-- Recorded information --
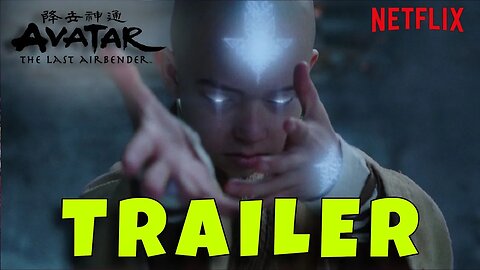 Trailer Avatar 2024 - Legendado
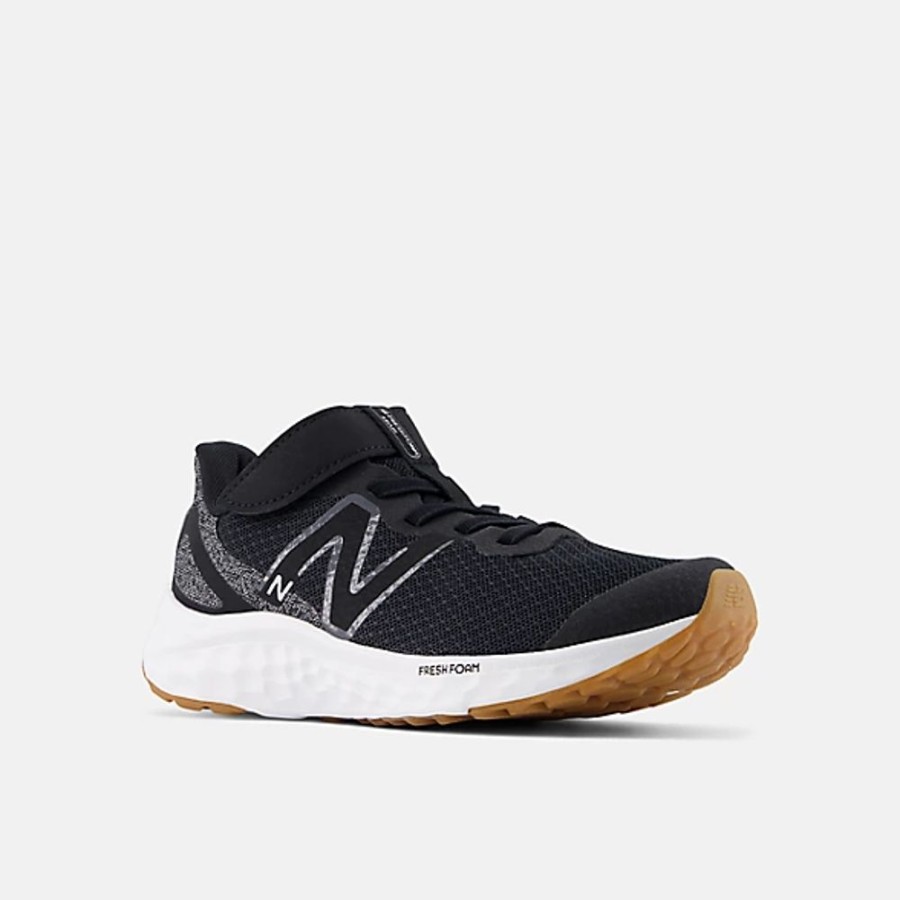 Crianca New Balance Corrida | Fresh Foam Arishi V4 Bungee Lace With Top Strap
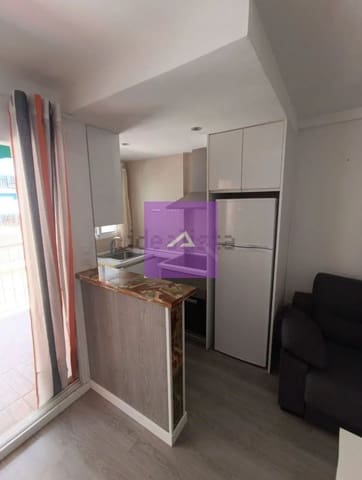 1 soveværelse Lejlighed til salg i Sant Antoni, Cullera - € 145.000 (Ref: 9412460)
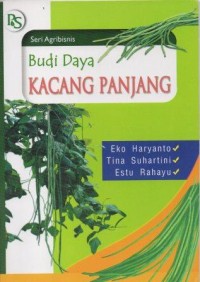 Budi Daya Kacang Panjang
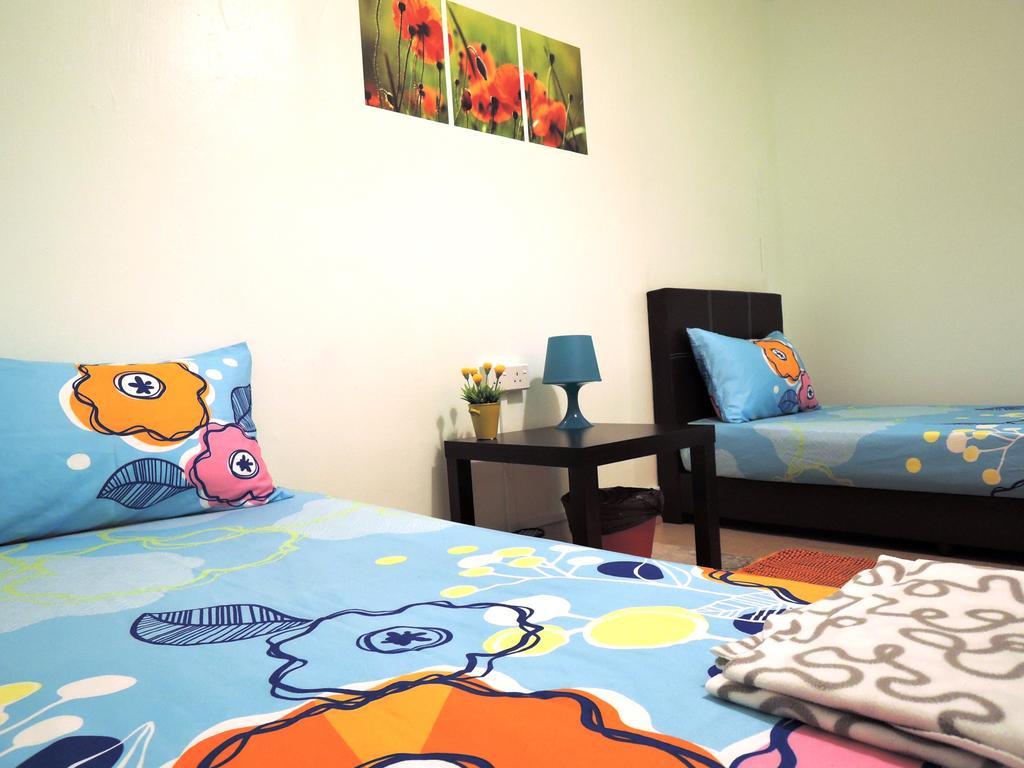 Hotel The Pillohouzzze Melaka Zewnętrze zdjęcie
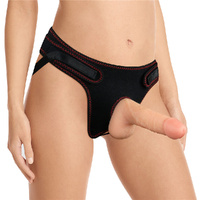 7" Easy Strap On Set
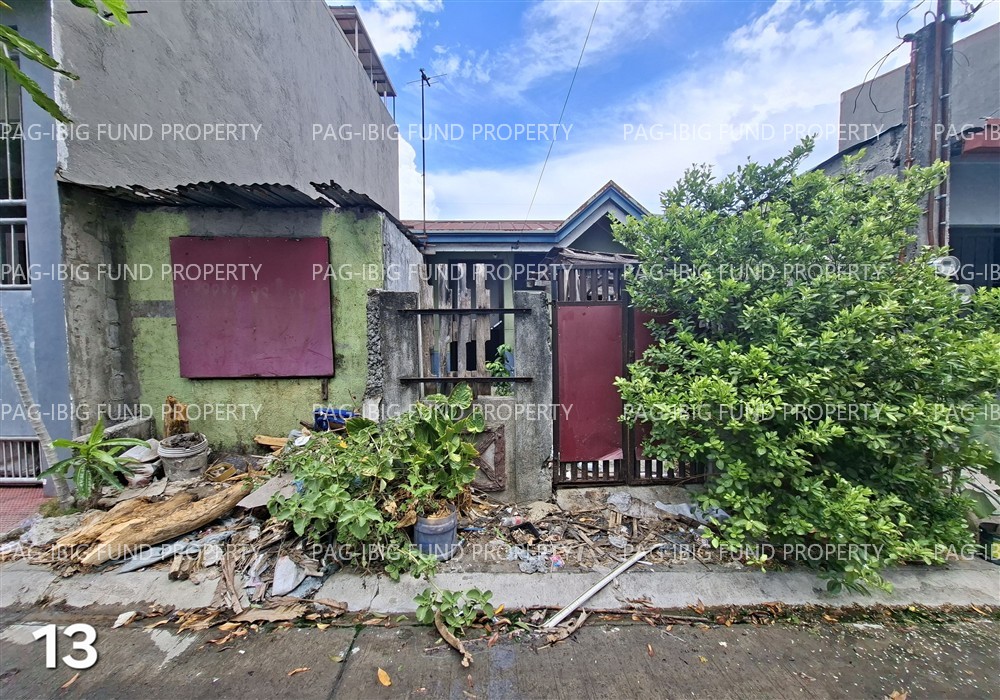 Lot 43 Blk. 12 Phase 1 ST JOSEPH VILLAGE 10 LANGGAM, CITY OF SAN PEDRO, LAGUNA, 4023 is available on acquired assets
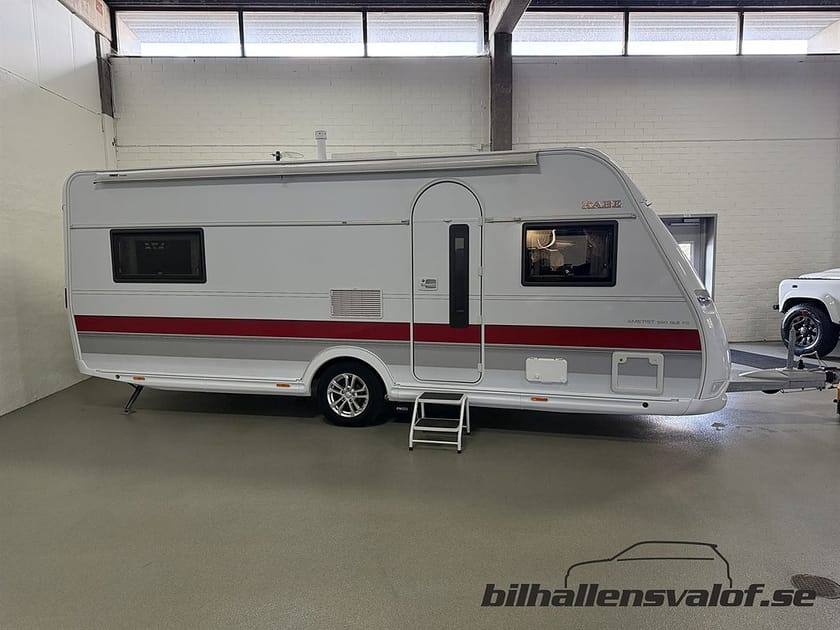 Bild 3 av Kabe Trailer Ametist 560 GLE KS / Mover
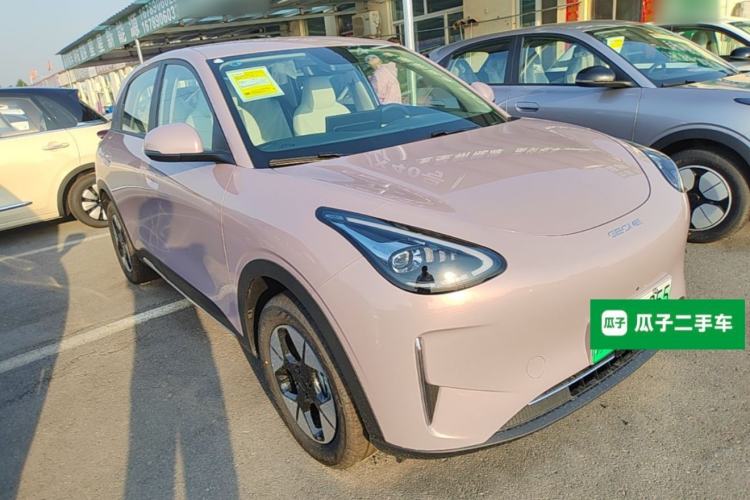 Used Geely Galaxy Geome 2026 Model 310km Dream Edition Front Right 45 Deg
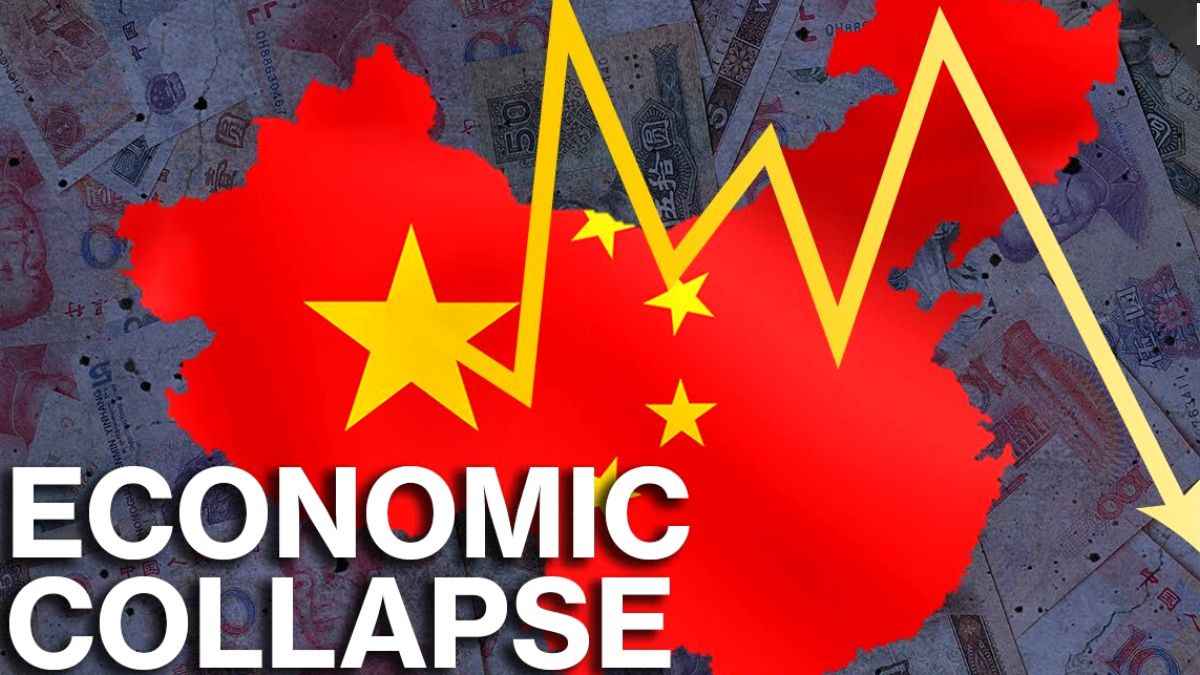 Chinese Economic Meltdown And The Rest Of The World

-- Exercise details --
Everything from the line containing "Hotel The Pillohouzzze" through the last line of the entries must be repeated verbatim, except pictures.

-- Your solution --
 Hotel The Pillohouzzze Melaka Zewnętrze zdjęcie
 7" Easy Strap On Set
 Lot 43 Blk. 12 Phase 1 ST JOSEPH VILLAGE 10 LANGGAM, CITY OF SAN PEDRO, LAGUNA, 4023 is available on acquired assets
 Bild 3 av Kabe Trailer Ametist 560 GLE KS / Mover
 Used Geely Galaxy Geome 2026 Model 310km Dream Edition Front Right 45 Deg
 Chinese Economic Meltdown And The Rest Of The World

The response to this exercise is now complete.